The race is in the worker __getitem__ path. SlidingWindowDataset._read_img_window (packages/viscy-data/src/viscy_data/sliding_window.py:198-210) branches:

preloaded = _preloaded if _preloaded is not None else self._preloaded
if preloaded is not None and arr_idx >= 0:
    data = preloaded[arr_idx][t:t+1, :, z:z+self.z_window_size]...   # /dev/shm mmap
    return ...
data = img.oindex[...]   # zarr/OZX read — this is what races under fork

So whether the bug fires depends on whether mmap_preload is staging FOVs into /dev/shm:

Stage Reads OZX in worker? Affected?
predict, test Always — mmap_preload is fit/validate-only Yes
fit + mmap_preload=True No — workers read from /dev/shm MemoryMappedTensor No
fit + mmap_preload=False Yes — direct OZX read in worker Yes
validate (standalone) + mmap_preload=False Yes Yes
validate riding on fit + mmap_preload=True No — same buffer, validate reads from preloaded views No

The OZX file descriptor is still opened in the parent during _get_windows() metadata access and inherited by every worker on fork — but with mmap_preload=True the workers never read from it, so the inherited fd just sits unused in each worker. No concurrent reads → no CRC race.

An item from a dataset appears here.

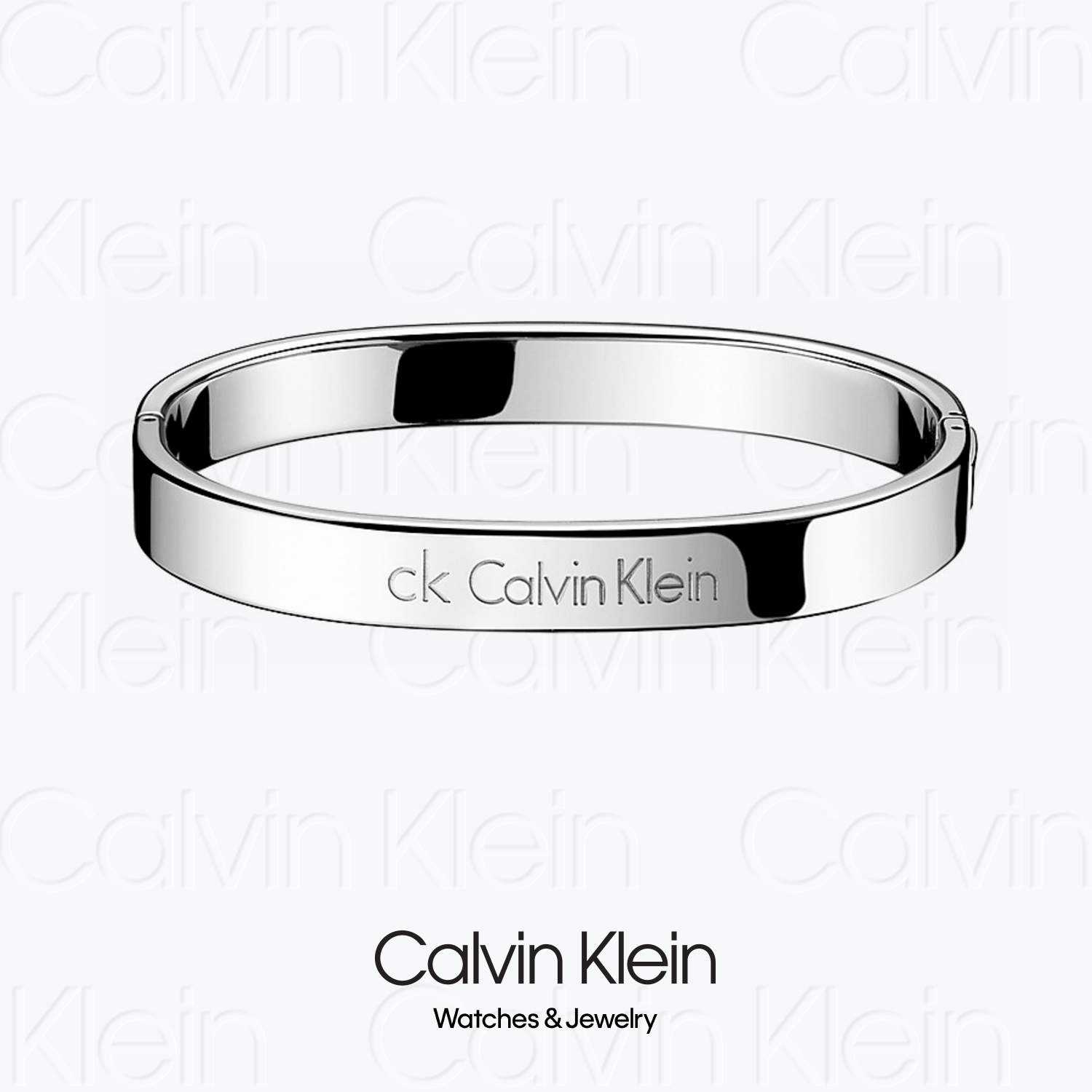 卡尔文·克莱恩 Calvin Klein BANGLE - 2011 CALVIN KLEIN HOOK KJ06CB0101 - CK经典情侣手镯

BatchedConcatDataModule / ConcatDataModule (joint training) is the same per child: safe iff every constituent enables mmap_preload.

Net effect on dynacell:

  • Predict: always affected. Currently runs with the leaf default num_workers: 0, which throttles GPU utilization (~22% on A40, very spiky).
  • Production training with mmap_preload=True: not affected by this bug. The mmap-preload optimization sidesteps the OZX worker reads.
  • Smoke / dev / debug runs with mmap_preload=False: affected the same way as predict. Same goes for any standalone validate invocation that doesn't share a fit's preload buffer.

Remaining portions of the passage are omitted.